SUNTRUST                                                 Unconditional Guaranty

                                IMPORTANT NOTICE
THIS INSTRUMENT CONTAINS A CONFESSION OF JUDGMENT PROVISION WHICH CONSTITUTES A
WAIVER OF IMPORTANT RIGHTS YOU MAY HAVE AS A BORROWER/GUARANTOR AND ALLOWS THE
CREDITOR TO OBTAIN A JUDGMENT AGAINST YOU WITHOUT ANY FURTHER NOTICE.

This guaranty of RGC Resources, Inc. ("Guarantor") dated November 25, 2005,
provides:

Whereas, Bluefield Gas Company (herein, whether one or more, the "Borrower")
desires to transact business with and to obtain creditor a continuation of
credit from SunTrust Bank, its present and future affiliates and their
successors and assigns (collectively, "SunTrust"); and

Whereas, SunTrust is unwilling to extend or continue credit to Borrower unless
it receives a guaranty from the undersigned Guarantor with respect to the
Obligations, as defined below, of Borrower to SunTrust;

Now, Therefore, in consideration of the premises and of other good and valuable
consideration and in order to induce SunTrust from time to time, in its sole
discretion, to extend or continue credit to or enter into other transactions
with Borrower, Guarantor absolutely and unconditionally guarantees to SunTrust
performance and payment when due, whether by acceleration or otherwise, of any
and all Obligations of Borrower to SunTrust, together with all interest and
charges related thereto, and all attorneys' fees (in the amount of 15% of the
principal and interest guaranteed hereby if this guaranty is governed by the
laws of Georgia), and all costs and expenses of collection incurred by SunTrust
in enforcing the Obligations or this guaranty, subject to the provisions
contained herein.

1.       The term "Obligations" or "Obligation" as used herein shall include,
         without limitation, any and all liabilities, obligations, agreements
         and undertakings of Borrower to SunTrust in any amount, whether now
         existing or hereafter arising (including those owed by Borrower to
         others and acquired by SunTrust through purchase, assignment or
         otherwise), however created, evidenced or arising, whether
         individually or jointly with others, and whether absolute or
         contingent, direct or indirect, as maker, endorser, guarantor, surety
         or otherwise, liquidated or unliquidated, matured or unmatured,
         whether or not secured by collateral, and including, without
         limitation, (a) all obligations to perform or forbear from performing
         any acts, (b) all overdrafts on deposits or accounts maintained by
         Borrower with SunTrust, and (C) the liabilities, obligations,
         agreements and undertakings of Borrower to SunTrust pursuant to any
         foreign exchange contract or any interest rate hedge agreement or
         other derivative transaction agreement or pursuant to any application
         or other agreement requesting SunTrust to issue any letter of credit
         including, without limitation, the obligation of Borrower to reimburse
         SunTrust for all amounts funded by SunTrust pursuant to any such
         letter of credit, and (d) all costs of collection including attorneys'
         fees, whether such collection occurs prior to, during, or after any
         bankruptcy proceedings filed by or against Borrower.

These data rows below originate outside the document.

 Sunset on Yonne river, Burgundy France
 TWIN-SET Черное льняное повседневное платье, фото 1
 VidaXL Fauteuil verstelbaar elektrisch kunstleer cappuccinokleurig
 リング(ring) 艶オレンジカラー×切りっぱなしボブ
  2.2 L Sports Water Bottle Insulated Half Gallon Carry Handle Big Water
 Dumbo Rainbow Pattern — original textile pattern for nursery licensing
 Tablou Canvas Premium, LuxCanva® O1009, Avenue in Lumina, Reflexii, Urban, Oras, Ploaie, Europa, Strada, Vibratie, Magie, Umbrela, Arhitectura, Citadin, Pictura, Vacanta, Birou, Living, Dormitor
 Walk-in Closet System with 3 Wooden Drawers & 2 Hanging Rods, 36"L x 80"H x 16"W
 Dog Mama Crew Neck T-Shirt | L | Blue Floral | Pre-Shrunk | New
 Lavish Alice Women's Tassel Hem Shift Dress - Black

         The amount of the undersigned's liability under this guaranty shall be
         unlimited.

2.       This guaranty is a continuing guaranty, shall remain in force
         irrespective of any interruptions in the business relations of Borrower
         with SunTrust and shall apply to and guarantee any balance which shall
         remain due by Borrower to SunTrust; provided, however, that Guarantor
         may, by written notice delivered personally to an officer of SunTrust
         or received by registered mail by an officer of SunTrust, terminate
         this guaranty with respect to all Obligations of the Borrower incurred
         or contracted by the Borrower or acquired by SunTrust after the date on
         which the notice is actually received by such officer. Such termination
         shall not be applicable to any Obligation incurred prior to the receipt
         of such notice by SunTrust.

3.       SunTrust may at any time and from time to time, in the exercise of its
         sole discretion, either before or after default by Borrower or
         revocation or termination of this guaranty, without the consent of or
         notice to Guarantor, and without incurring responsibility to Guarantor,
         or releasing or impairing the liability of Guarantor, or any security
         available to SunTrust, upon or without any terms or conditions:

         a.       Change the manner, place, or terms of payment (including
                  payment amounts and rate of interest) and/or change or extend
                  the time of payment, renew or alter any Obligation, any
                  collateral or security therefore, or any Obligation incurred
                  directly or indirectly in respect thereof, and this guaranty
                  shall apply to the Obligations as so changed, extended,
                  renewed or altered;






         b.       Sell, exchange, release, surrender, realize upon or otherwise
                  deal with in any manner and in any order any collateral or
                  security at any time held by or available to SunTrust for any
                  Obligation, or for any obligations of Guarantor or any person
                  secondarily or otherwise liable for any of the Obligations;
                  SunTrust shall have full authority to adjust, compromise and
                  receive less than the amount due upon any such collateral;

         c.       Exercise or refrain from exercising any rights against
                  Borrower, Guarantor or others, or otherwise act or refrain
                  from acting;

         d.       Release, compromise, or agree not to sue, in whole or in part,
                  Borrower, Guarantor or any other party obligated on any of the
                  Obligations;

         e.       Apply any sums received by it from any source to any
                  Obligation or Obligations, in such order of application as Sun
                  Trust may elect, regardless of what Obligation or Obligations
                  remain unpaid. All payments shall be conclusively presumed to
                  have been made by Borrower and no payment shall operate to
                  reduce the obligation of a Guarantor unless, at the time such
                  payments are made, written notice is delivered to an officer
                  of SunTrust that such payments are made by a Guarantor in
                  reduction of Guarantor's liability hereunder, and such
                  payments are actually made by Guarantor; and

         f.       Fail to set off and release, in whole or in part, any balance
                  of any deposit account or credit on its books in favor of
                  Borrower, or any other person liable for any of the
                  Obligations, and may extend further credit in any manner to
                  Borrower, and generally deal with Borrower or any security or
                  other person liable for any of the Obligations as SunTrust, in
                  its sole discretion, may see fit.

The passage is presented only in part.